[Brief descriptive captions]
════════
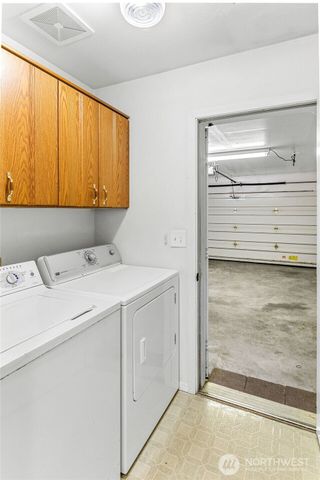 218 Saint Helens Way, Winlock, WA 98596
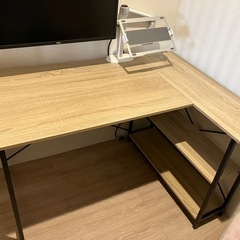 L字型デスクの画像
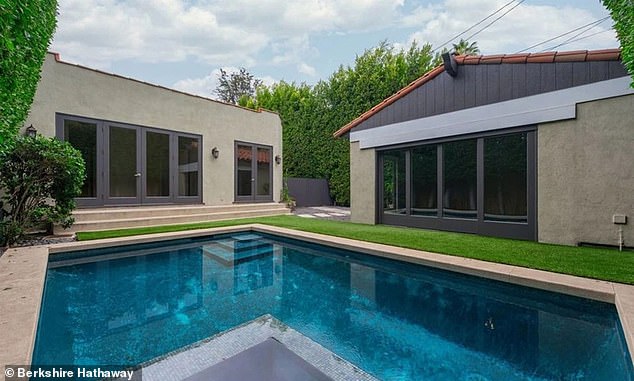 casa charlize theron 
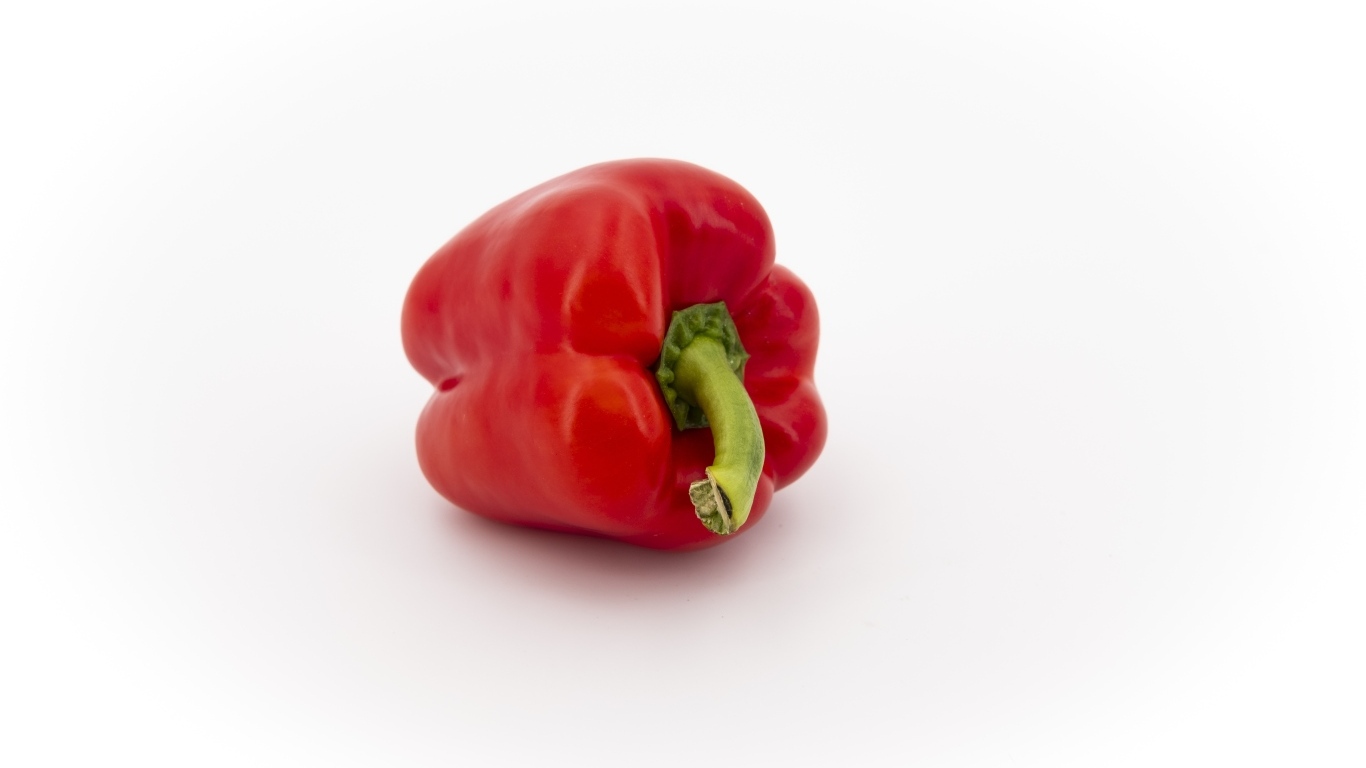 Красный сладкий перец на белом фоне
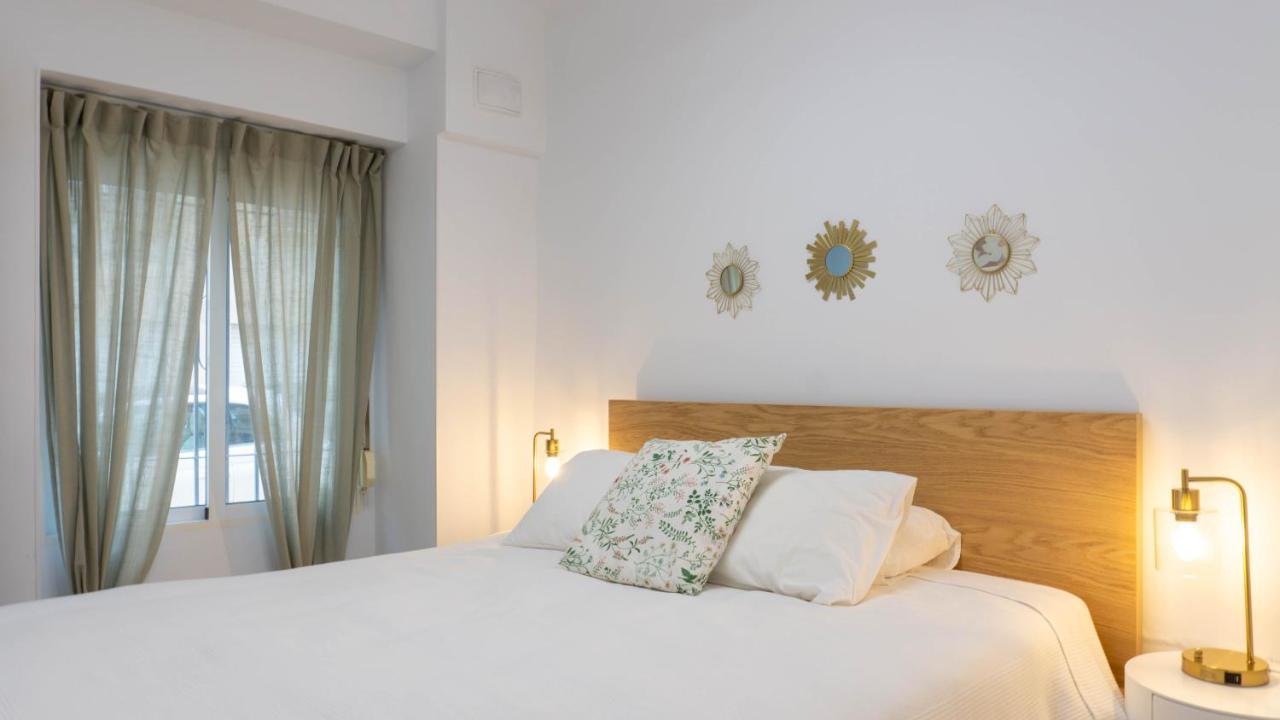 Apartment Caleta Beach Málaga Exterior foto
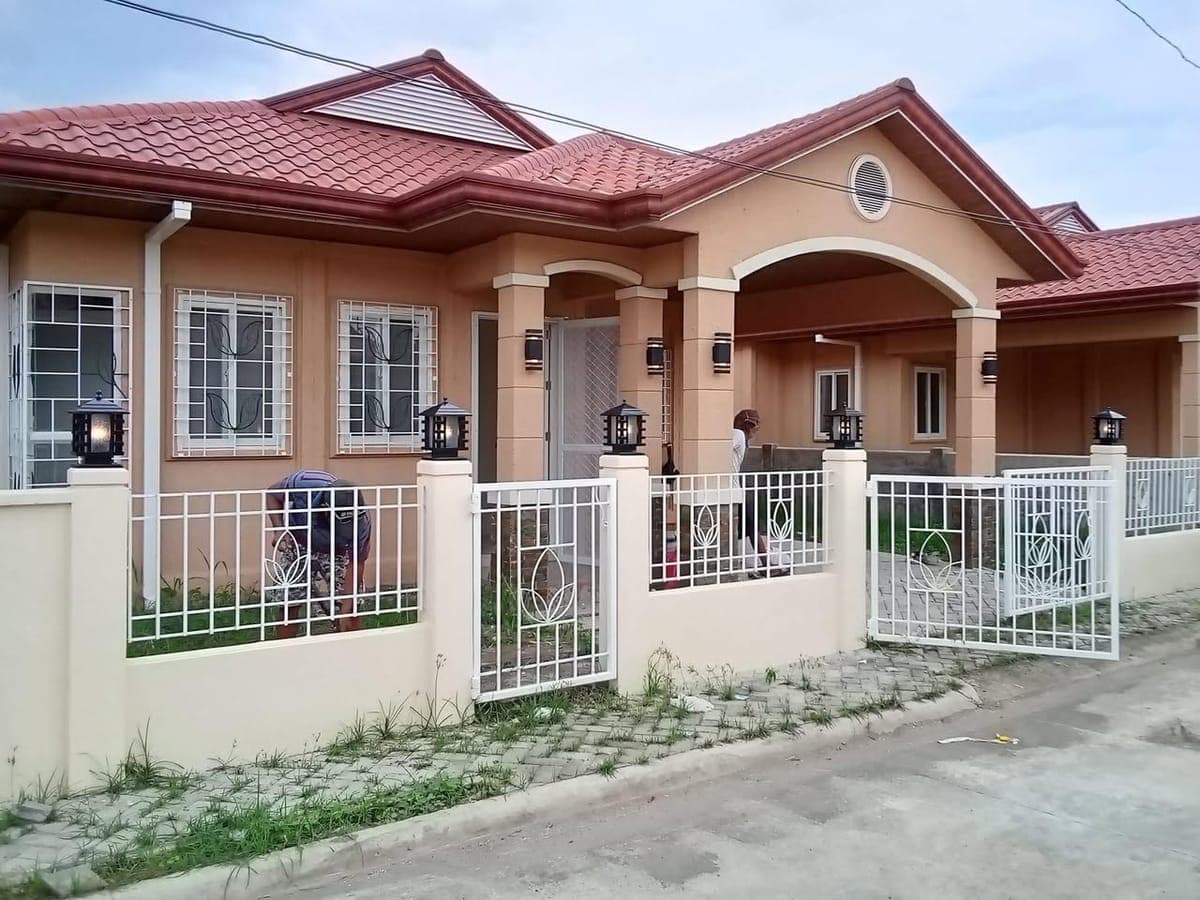 House for rent in Villa Conchita subdivision Puan 3BR 2CR with covered covered Parking split Aircon... - photo 1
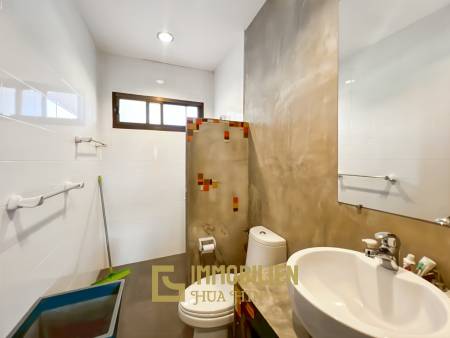 The Heights 2: 4-BR Villa with Pool and Garden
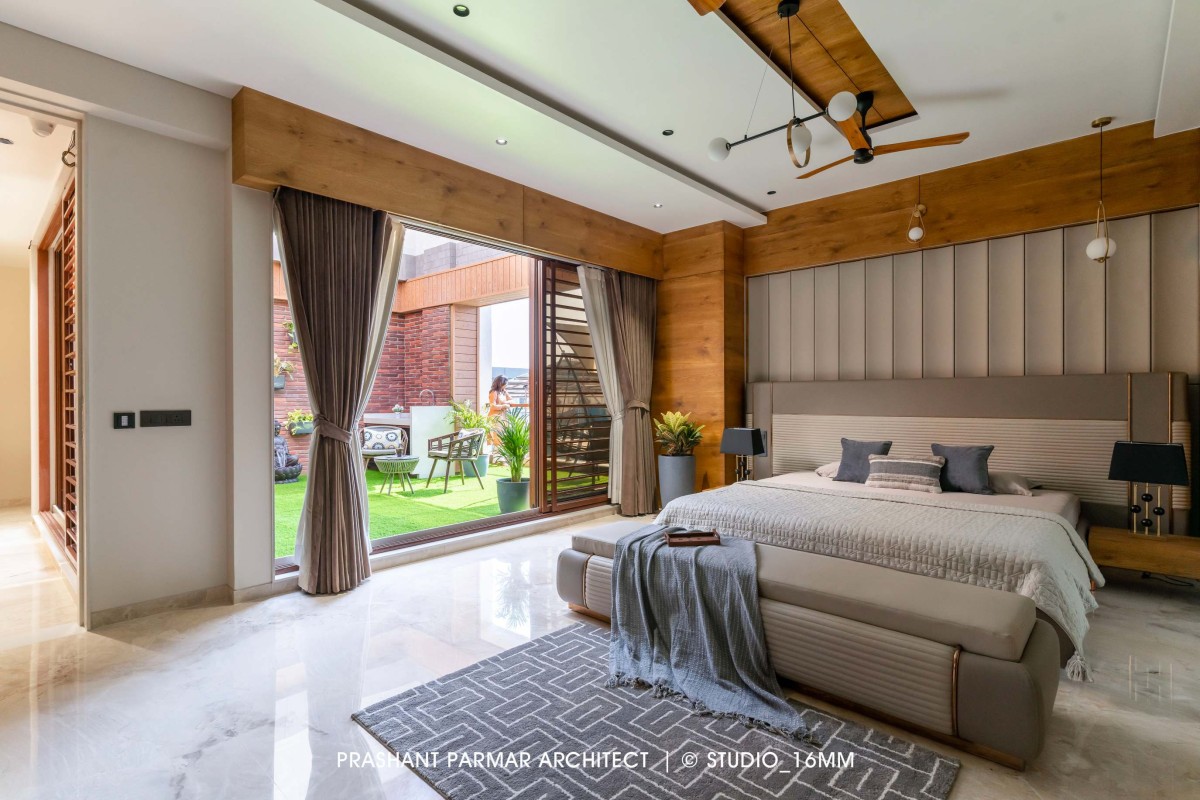 Bedroom of Elevated Compact House by Prashant Parmar Architect  Shayona Consultant
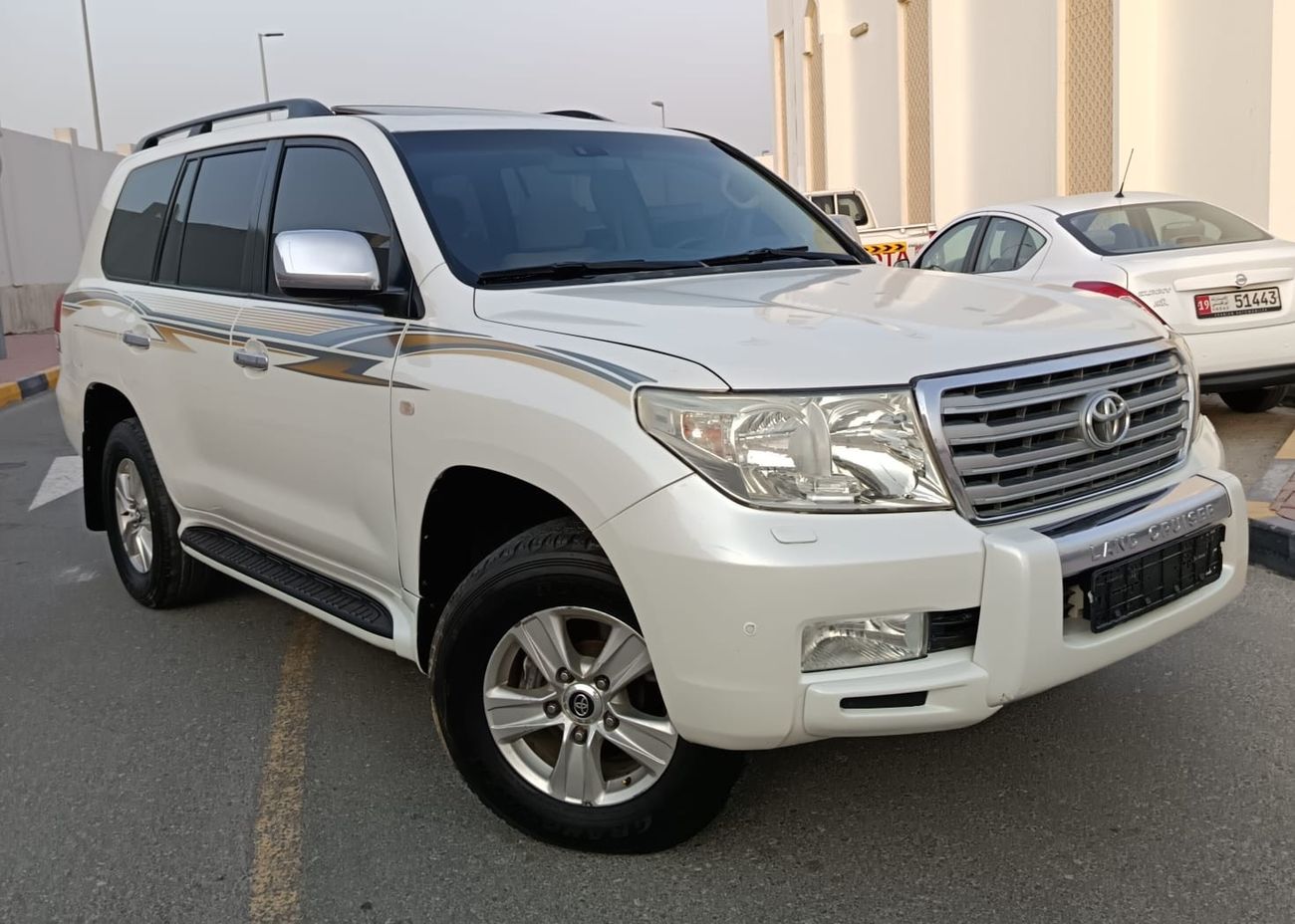 تويوتا لاند كروزر VXR... V8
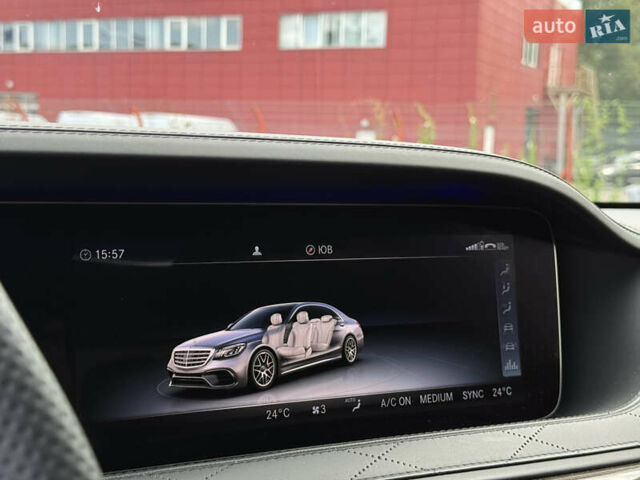 Синий Мерседес С Класс, объемом двигателя 3.99 л и пробегом 89 тыс. км за 61500 $, фото 21 на Automoto.ua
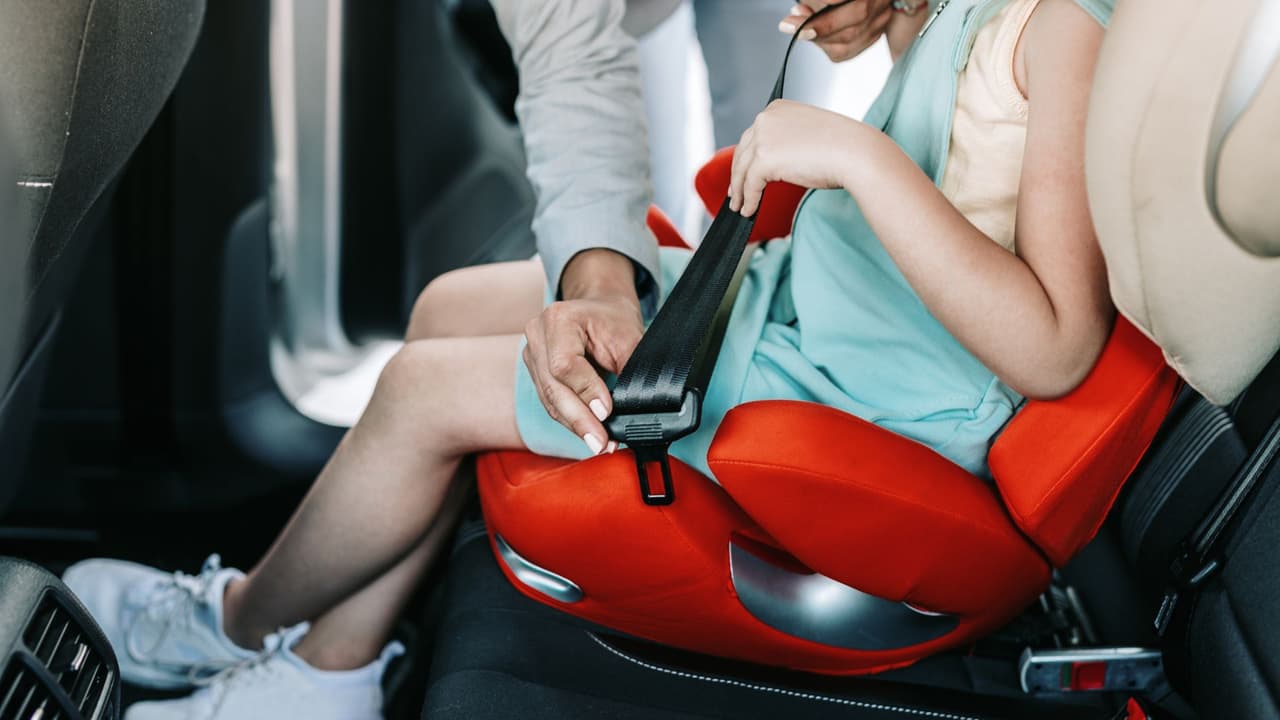 <h3 class="cms-H3-H3">Niños y booster, la parte que más confunde </h3>Si el niño tiene menos de 8 años, debe ir en un sistema de seguridad infantil, como
<i> car seat</i> o 
<i>booster</i>, 
<b>a menos que mida más de 4 pies 9 pulgadas.</b>
<br>Si no se cumple, 
<b>la multa puede ser de 25 a 250 dólares.</b>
════════
- Task instructions: Write the records out again verbatim and omit the pictures they contain.

- Response area:
 218 Saint Helens Way, Winlock, WA 98596
 L字型デスクの画像
 casa charlize theron 
 Красный сладкий перец на белом фоне
 Apartment Caleta Beach Málaga Exterior foto
 House for rent in Villa Conchita subdivision Puan 3BR 2CR with covered covered Parking split Aircon... - photo 1
 The Heights 2: 4-BR Villa with Pool and Garden
 Bedroom of Elevated Compact House by Prashant Parmar Architect  Shayona Consultant
 تويوتا لاند كروزر VXR... V8
 Синий Мерседес С Класс, объемом двигателя 3.99 л и пробегом 89 тыс. км за 61500 $, фото 21 на Automoto.ua
 <h3 class="cms-H3-H3">Niños y booster, la parte que más confunde </h3>Si el niño tiene menos de 8 años, debe ir en un sistema de seguridad infantil, como
<i> car seat</i> o 
<i>booster</i>, 
<b>a menos que mida más de 4 pies 9 pulgadas.</b>
<br>Si no se cumple, 
<b>la multa puede ser de 25 a 250 dólares.</b>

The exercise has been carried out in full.